The issue occurs once a command buffer (empty or not) is submitted. After that, CPU computations seem to take around twice the time.
I modified the Vulkan SDK triangle demo (version 1.0.24) to reproduce the problem, only performing initialization and one submission, then measuring some spinning. (See this Gist)
More complex applications consistently behave the same.
- Carrizo (rev 4) APU
- Windows 7
- Radeon driver package 16.7.3
I could not reproduce similar behavior on other platforms.
Thanks for reporting this issue. Before we proceed, I have a few questions.
Are you able observe the same issue in release builds?
Does this issue reproduce in LunarG's cube.exe? (uses Immediate Presents)
Does the slowdown scale?

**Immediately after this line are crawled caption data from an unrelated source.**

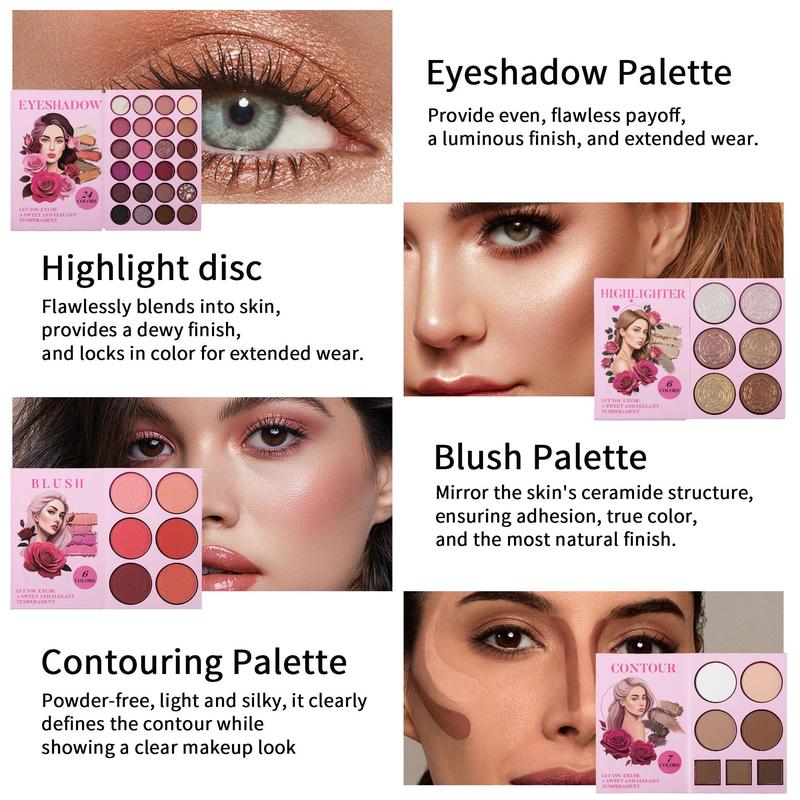 43 Color Eyeshadow Palette, Matte & Glitter Eye Shadows Powder, Shimmering Eye Shadow Makeup Products, High Pigmented Blendable Eye Makeup Products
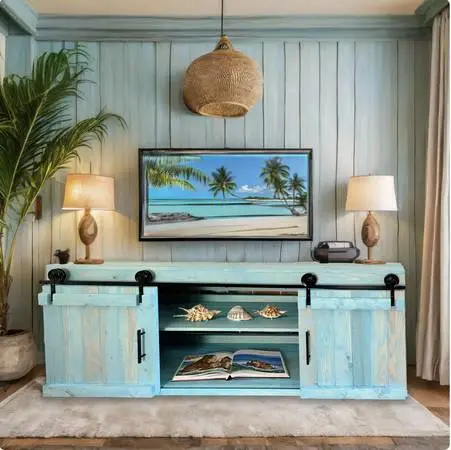 >>Blue Ocean Beach Coastal TV Stand Console Table with Barn Doors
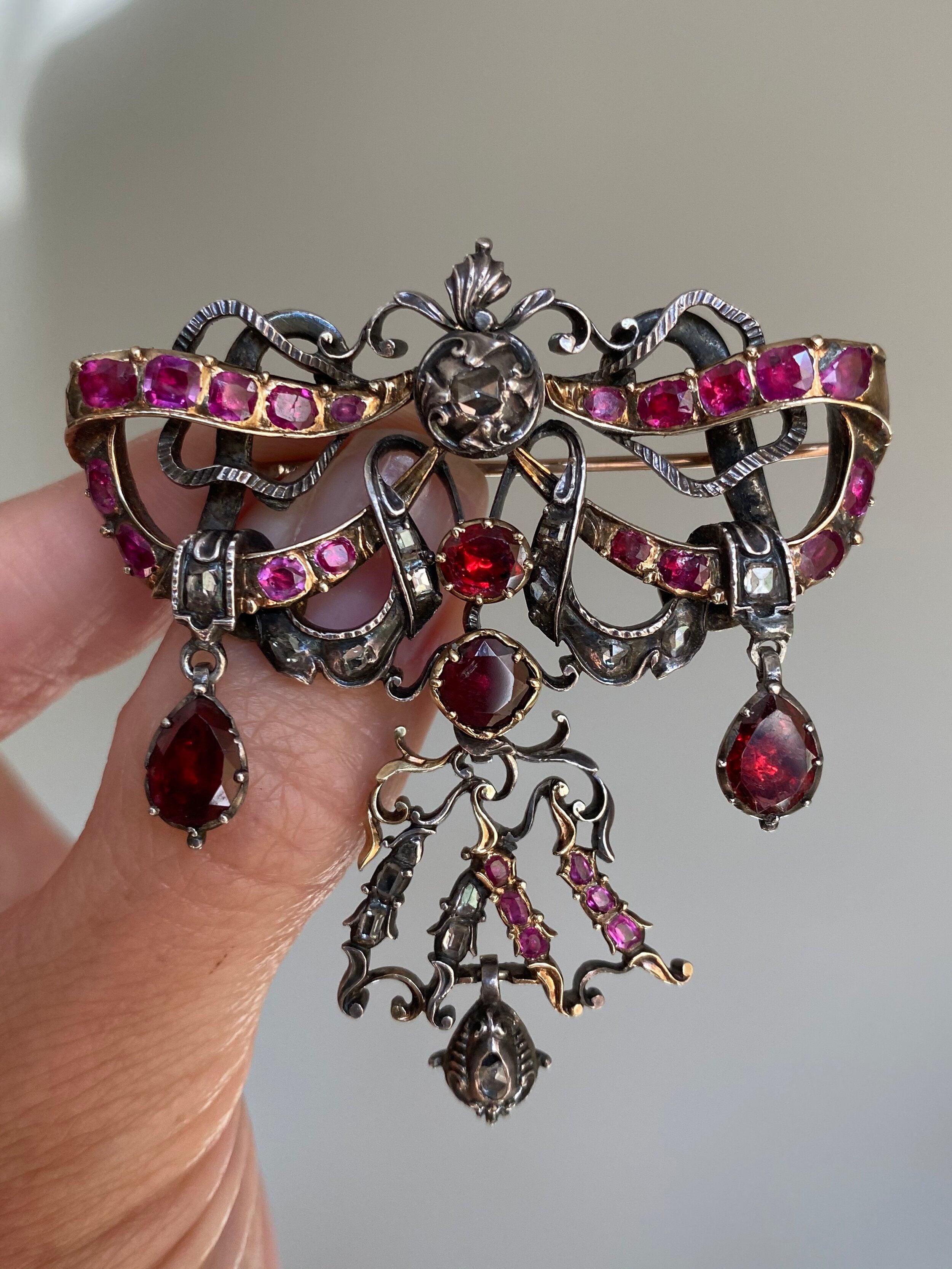 Rococo 18th C Ruby and Diamond Bow Brooch For Sale
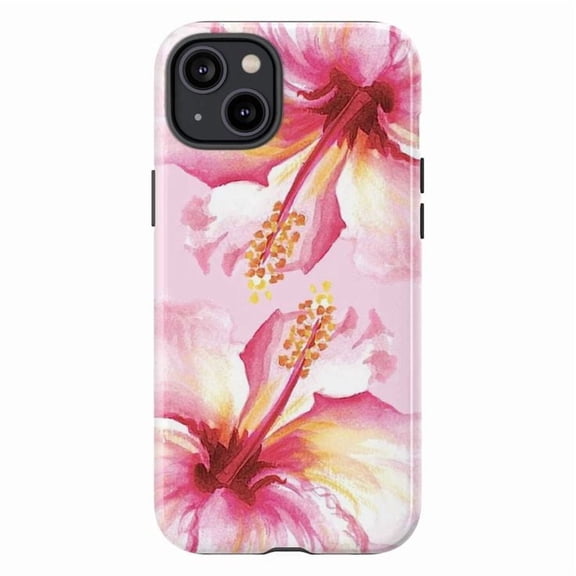 Tropical Hibiscus Phone Case – Bold Pink & Yellow Floral Design Phone Cover for iPhone 16 15 14 13 12 11 Pro Max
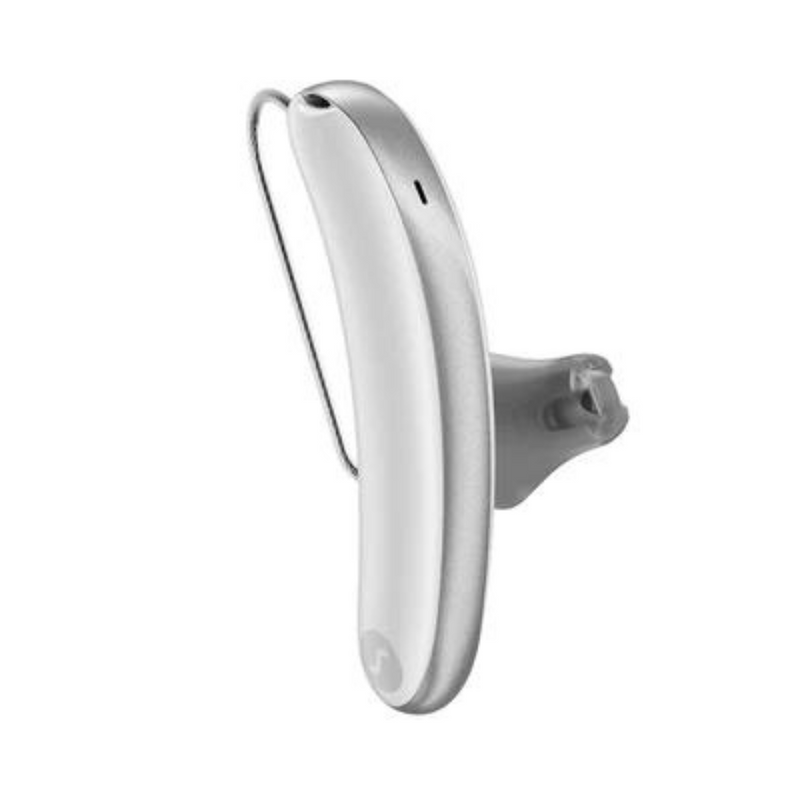 Ein Paar ästhetische weiß-silberne Signia Styletto 3AX/7AX Hörgeräte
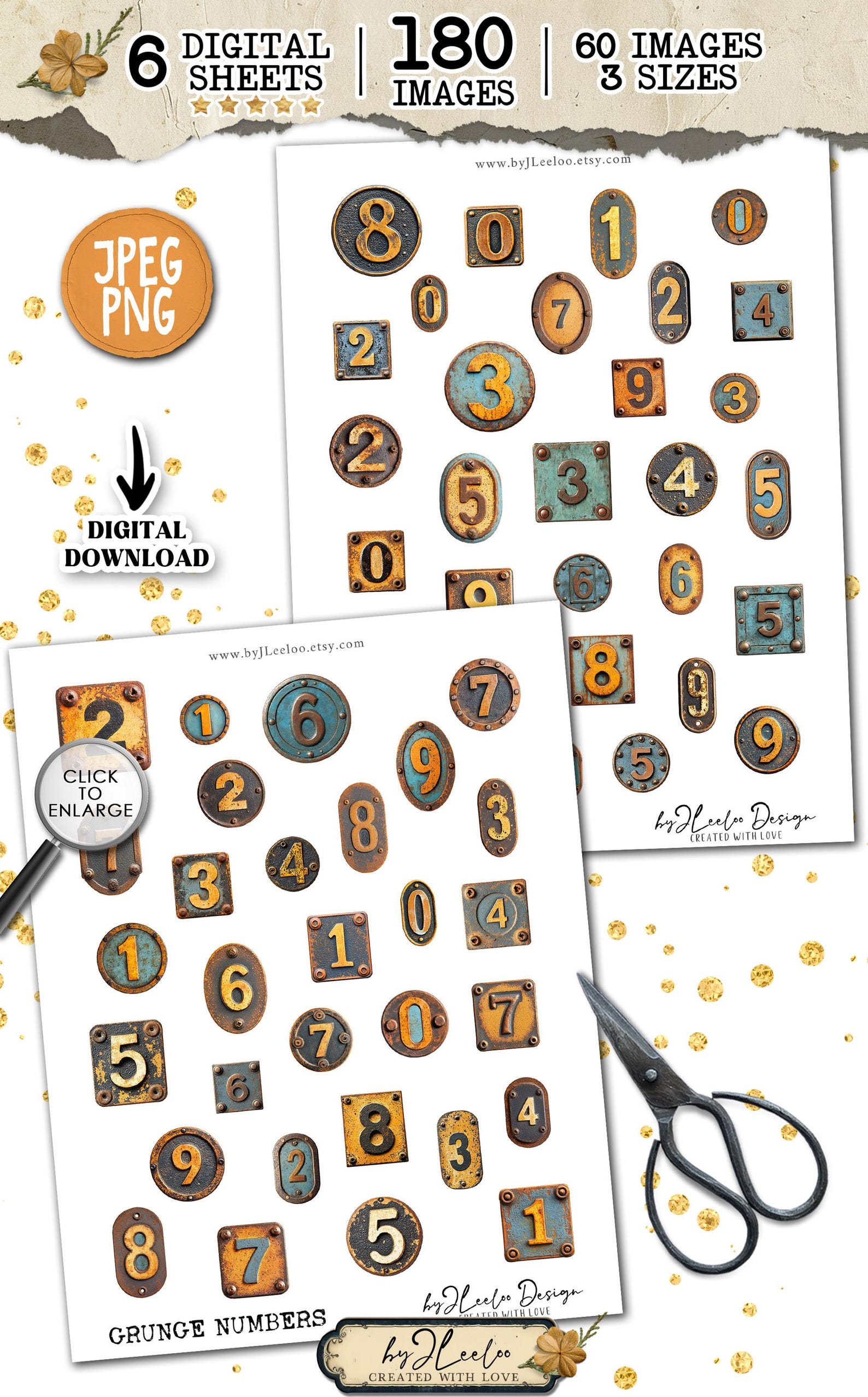 GRUNGE NUMBERS 180 Png | Jpg Png Steampunk Metal Patina | Junk Journal ...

If you gave it 3 milliseconds of work would the second submission take 6 milliseconds?
Did you have any other graphics applications running in the background while observing this? On my Carrizo setup, I saw the 2nd submission decrease in time, probably due to warmer caches.
Any further info you can offer would be appreciated.
- I observe the issue in both release and debug builds. I first encountered it in managed .NET applications, which had the same behavior.
- I can reproduce it in cube.exe. It persists in any present mode and even while not presenting at all. Also it seems to start slightly delayed (some work items after the submission are not affected).
- The slowdown does not scale and seems to be consistently around x2.
- No other graphics applications running.
- Performance returns to normal after tearing down Vulkan
- The issue does not occur on the same device, using Linux (Ubuntu 16.04) with Vulkan driver 16.50
When i tried to reproduce your test case in Debug on my Carrizo laptop, I saw the second run and all subsequent runs were quicker which seemed correct.
I then tried the Release build, but your code "for (int i = 0; i < 10000000; i++)" was optimized out to constant time, the time printed to the console was 0.00000 which does not match that your findings.
It would be an interesting experiment if you could modify your test case to do more CPU work. Maybe about 3ms worth and see if that scales 2x (as you are seeing) to run at 6ms for the subsequent runs.
Also, can you share an ETL trace of this behavior?